Nuclear Safeguards Bill (Sixth sitting) Debate
Full Debate: Read Full DebateAlan Whitehead
Main Page: Alan Whitehead (Labour - Southampton, Test)Department Debates - View all Alan Whitehead's debates with the Department for Business, Energy and Industrial Strategy
(7 years, 1 month ago)
Public Bill CommitteesI beg to move amendment 7, in clause 4, page 5, line 6, at end add—
“(5) Regulations under subsection (2) may not be made unless a draft of the instrument has been laid before and approved by a resolution of each House of Parliament.”
This amendment would prevent the commencement of clauses 1 and 2 without the regulations made under this section being subject to the affirmative procedure.
This is a simple amendment that repeats the requirement suggested in other amendments for secondary legislation to be subject to the affirmative, rather than negative, procedure. I made the case this morning for the power of the affirmative procedure. As hon. Members can see, the amendment would ensure that regulations under subsection (2) could not be made unless a draft instrument were laid before Parliament and approved by a resolution of each House—that means an affirmative resolution.
I do not think we need go over the difference between an affirmative and a negative resolution and why we think affirmative resolutions are always better. Through the amendment, we simply seek to ensure that regulations made under subsection (2) are subject to the affirmative procedure. I do not think we need to detain the Committee too much further with detailed discussion. We think this is important and consider that it should be included in the Bill, to ensure that matters properly come before the House when these issues are discussed.
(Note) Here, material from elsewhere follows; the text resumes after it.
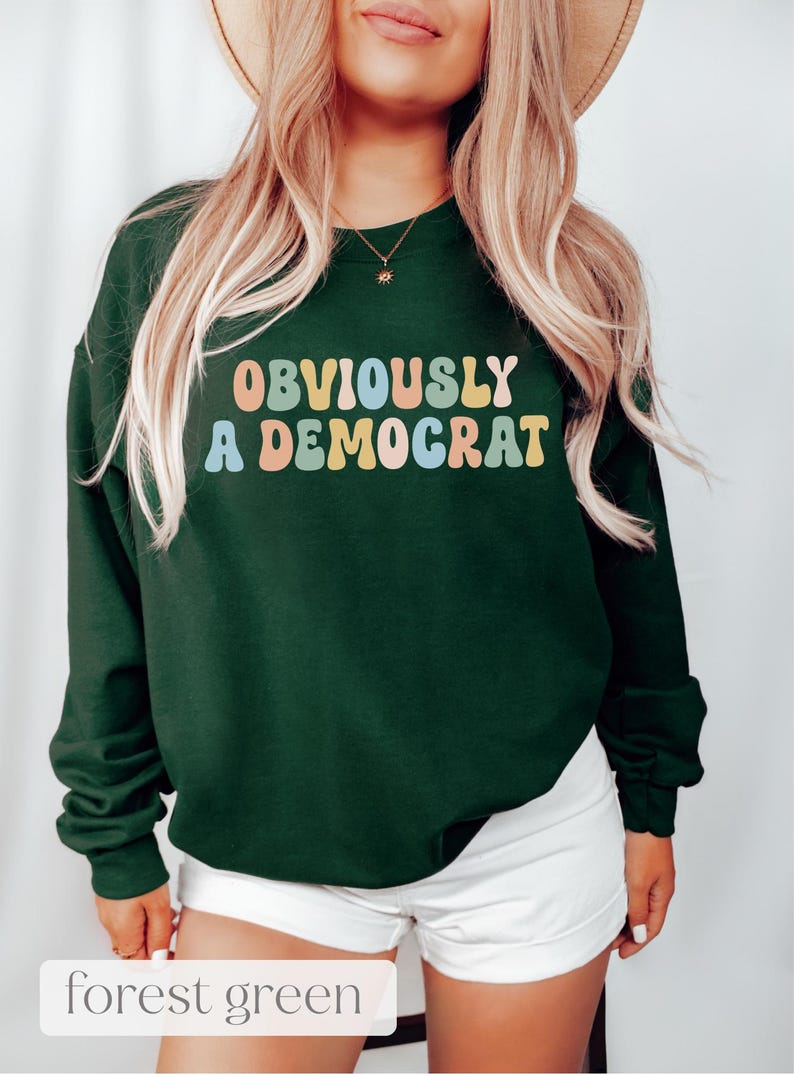 May include: A forest green sweatshirt with the text "OBVIOUSLY A DEMOCRAT" in colorful retro lettering.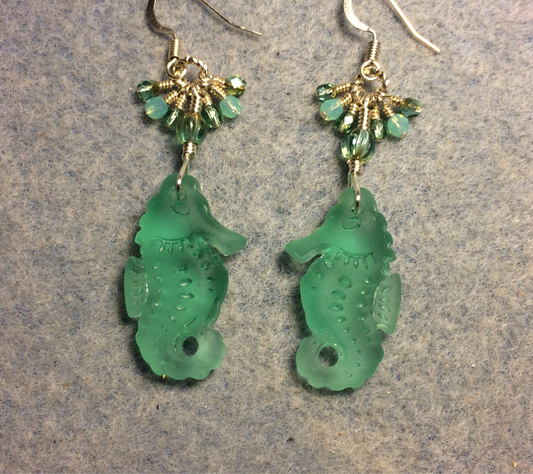 Blue green sea glass seahorse pendant bead earrings adorned with blue green Czech glass beads and small dangling blue green Czech glass beads.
Good afternoon, everybody. I thank the hon. Gentleman for not repeating what he said about affirmative and negative procedure, because those points were well made this morning. I have sympathy, of course, with his broad aims of strengthening parliamentary scrutiny, but I argue that this is not an appropriate process to put in place. Parliament will have already passed the Bill and approved the legislation. I am confident that there are appropriate processes in place to ensure proper parliamentary scrutiny of the substantive powers in the Bill.
Clause 4 contains a commencement power. It is entirely conventional for the commencement power not to be subject to any parliamentary procedure because, as I say, it brings into force law that Parliament has already enacted. Clauses 1 and 2 contain delegated powers that must—I know “must” is one of the hon. Gentleman’s favourite words in the English language—be exercised before the UK’s new nuclear safeguards regime can be brought into effect. The regulations necessary to do so will be subject to the draft affirmative procedure. It would serve no useful purpose, in the Government’s view, to make the power to commence those delegated powers subject to the draft affirmative procedure.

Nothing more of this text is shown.